7,0,Sunny Again Work Tomorrow :-| ...
8,1,handed in my uniform today . i miss you ...
9,1,hmmmm.... i wonder how she my number @-)


### Observations:
1. Data has a mix of alphabets, numbers and symbols
2. Mix of words with uppercase and lowercase letters
3. We need to normalize the words to their base word. Leaving capitalizaed words in the middle of the tweet can be
   experimented with as they may hold different feature space like name of the person, country, etc.. 
4. No particular order of sentiment and tweets.
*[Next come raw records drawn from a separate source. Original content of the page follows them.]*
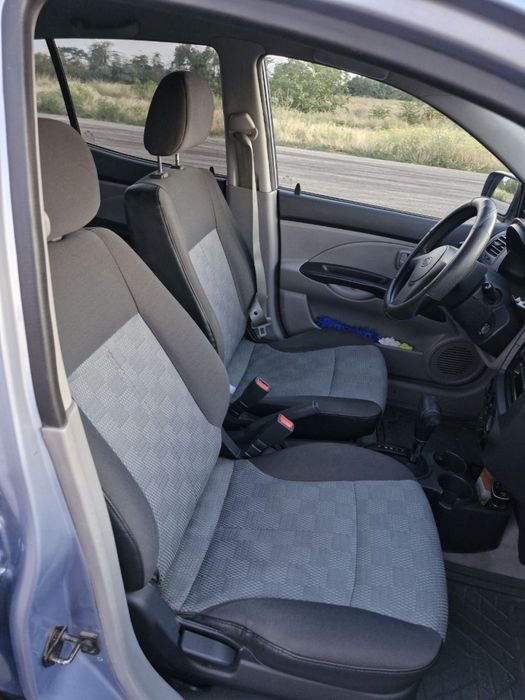 Kia Picanto 2006 • 1.1 бензин • Автомат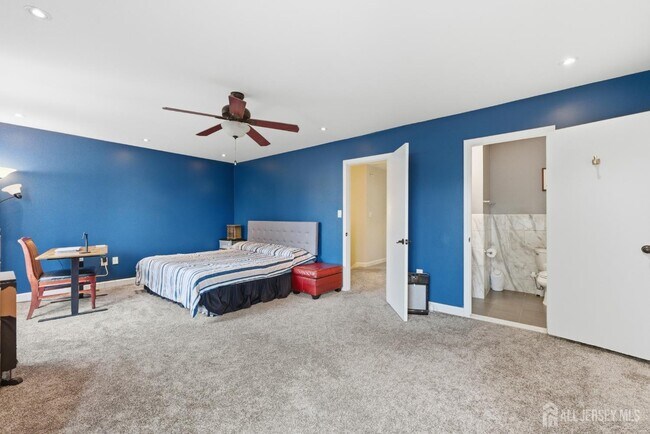 Building Photo - 10 Coventry Ct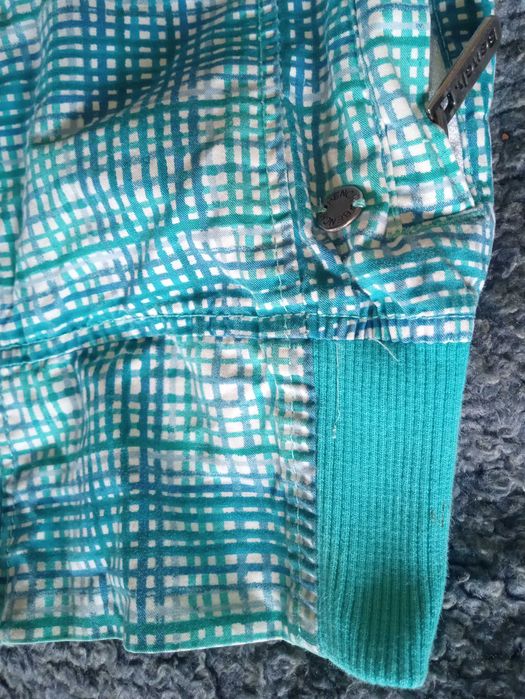 Атрактивно яке Bench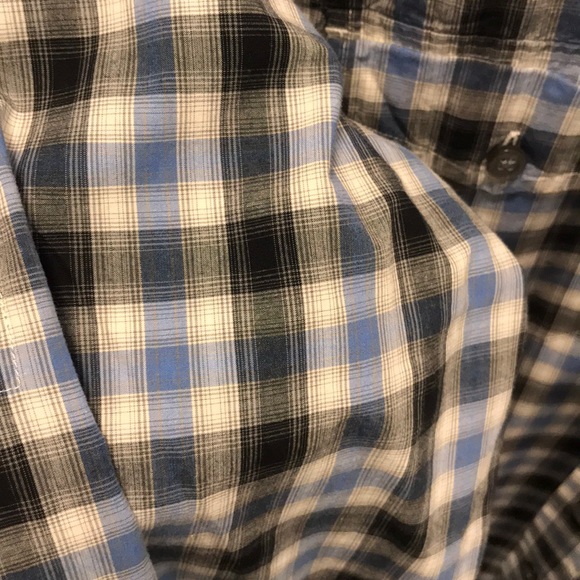 Men’s Express button down. - Picture 2 of 3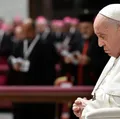 Vaticano: cardeal diz que papa Francisco tem que “reaprender a falar” imagem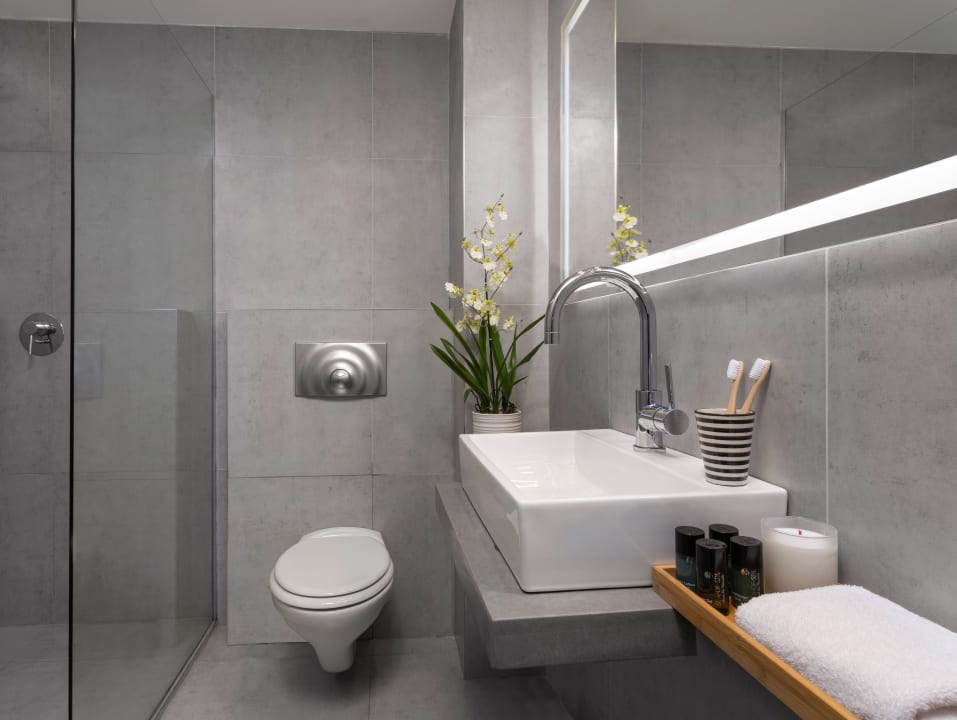 Zimmer Sea Executive Suites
If data is not randomly distributed then it can introduce bias to a learning model
5. Need to split and shuffle the data to reduce variance (makes sure the model can generalize better on the data) 
   and does not lead to overfitting 
6. Need to get an idea of the distribution of data

In [5]:
# calculate the number of positive and negative tweets
positives = data['sentiment'][data.sentiment == 1]
negatives = data['sentiment'][data.sentiment == 0]

print('Number of postive tweets {}' .format(len(positives)))
print('Number of negative tweets {}' .format(len(negatives)))
print('Total Length of the data is: {}' .format(data.shape[0]))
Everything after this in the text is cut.